Racing Database Redesign - Part 14 - Manual Error Checking

I thought I'd take a moment to discuss the importance of periodic checking of your database to ensure that your automated systems are doing what you expect them to do. This is all the more critical when your database pulls in data from a third party to which you have no control over - as is the case for my horse racing database.

I've already mentioned a case in point where a couple of data files from Betfair had empty MENUHINT hint fields. This resulted in importation of data failing because the BFShortName for the venue could not be ascertained.

In that instance, I was able to programmatically check for that missing data and substitute a dummy value to enable the data importation process to continue. I now still have to periodically run the following SQL query to identify any events where the BFShortName is unknown. I can then go in and manually create it.

SELECT * FROM 'event' WHERE 'bfshortname' = 'Unknown';

This weekend, and purely by chance, I discovered another issue which wasn't trapped by the error checking in my script.

The TimeForm site does not seem to use the same values for eventid and selectionid for it's historical results pages as those that are contained within the data files downloaded from Betfair. For some reason, I had always assumed they did. I was in the process of confirming that when I discovered that the race data from the data file released on 22 May 2015, i.e. races held on the 21st, hadn't been placed into the EVENTDETAILS table. All the race data like MinIP odds had all been calulated correctly and entered into the EVENT table, but the data for each individual runner had not been entered into the EVENTDETAILS table.

This had not been trapped by the error checking in my script, yet clearly there was an issue. Take a look at the image below which shows the data file in question as loaded into a spreadsheet:

The highlighted rows illustrate the problem. That data shouldn't be in the file. I've yet to ascertain why the error checking in my script didn't catch it but now I know it is there I can search for it and remove it before the data is sent to the corresponding tables.

This is the issue with third party data. It can be changed without notice or can contain errors the nature of which are impossible to predict. Once identified, code can be put in place to trap those conditions but one can never be certain that some unforeseen condition isn't getting through.

So, like the case of the missing BFShortName above, I will have to periodically check that every race listed in the EVENT table actually has some corresponding runners listed in the EVENTDETAILS table by running the following query:

SELECT * FROM 'event' WHERE 'eventid' NOT IN (SELECT 'eventid' FROM 'eventdetail');

It is manual checking like this that needs to be done periodically to maintain confidence in the integrity not of the database design but of the data itself.
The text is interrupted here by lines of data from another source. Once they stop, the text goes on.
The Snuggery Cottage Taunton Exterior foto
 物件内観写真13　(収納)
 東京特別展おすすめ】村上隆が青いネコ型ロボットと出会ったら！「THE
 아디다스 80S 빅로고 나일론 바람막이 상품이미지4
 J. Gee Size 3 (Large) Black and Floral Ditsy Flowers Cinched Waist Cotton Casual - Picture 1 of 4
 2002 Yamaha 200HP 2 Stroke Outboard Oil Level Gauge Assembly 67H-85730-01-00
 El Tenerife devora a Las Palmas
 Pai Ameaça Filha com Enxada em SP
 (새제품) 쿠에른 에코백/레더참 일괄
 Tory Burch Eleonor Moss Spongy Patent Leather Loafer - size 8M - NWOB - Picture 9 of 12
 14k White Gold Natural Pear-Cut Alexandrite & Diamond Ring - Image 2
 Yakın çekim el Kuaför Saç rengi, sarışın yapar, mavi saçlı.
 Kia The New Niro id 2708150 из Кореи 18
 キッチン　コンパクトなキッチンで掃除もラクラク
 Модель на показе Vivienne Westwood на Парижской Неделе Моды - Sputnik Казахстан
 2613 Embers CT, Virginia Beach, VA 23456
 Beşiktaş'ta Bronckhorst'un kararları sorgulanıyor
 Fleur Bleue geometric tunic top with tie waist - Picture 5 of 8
The trouble is, if you don't know what to look for, how do you query your database to find it?

That's a difficult question to answer, but hopefully the intimate knowledge that you have with your database design and the data it is meant to contain will guide you in the process.


Harry Haller said...

Assuming you haven't done this already..

May I suggest you should automate this kind of testing so you don't have to do it manually and can even get notified when any of the tests fail?

There are lots of testing frameworks around, don't know any for PHP/Python since I'm not fluent in those languages, but any Unit Testing framework will work, and you could have a background/cron process in your server executing the tests say, everyday.

This series is really interesting, thinking of doing something like this myself, so some tips on writing the code on Python would be awesome.

Good luck!

Alistair said...

Hi Harry and thanks for the comment.

You are quite correct and I should have suggested the very same in my post. I have/will implement such checking through an automated script run from a cron job.

Not everyone is doing things on a LAMP server like me so it it worth flagging up to people the importance of doing the checks irrespective of what technologies one is using. Certainly, if you are able to execute such checks on an automated basis so much the better, but you'll need to investigate how to do that within your own particular set up.

Thanks again for the prompt Harry.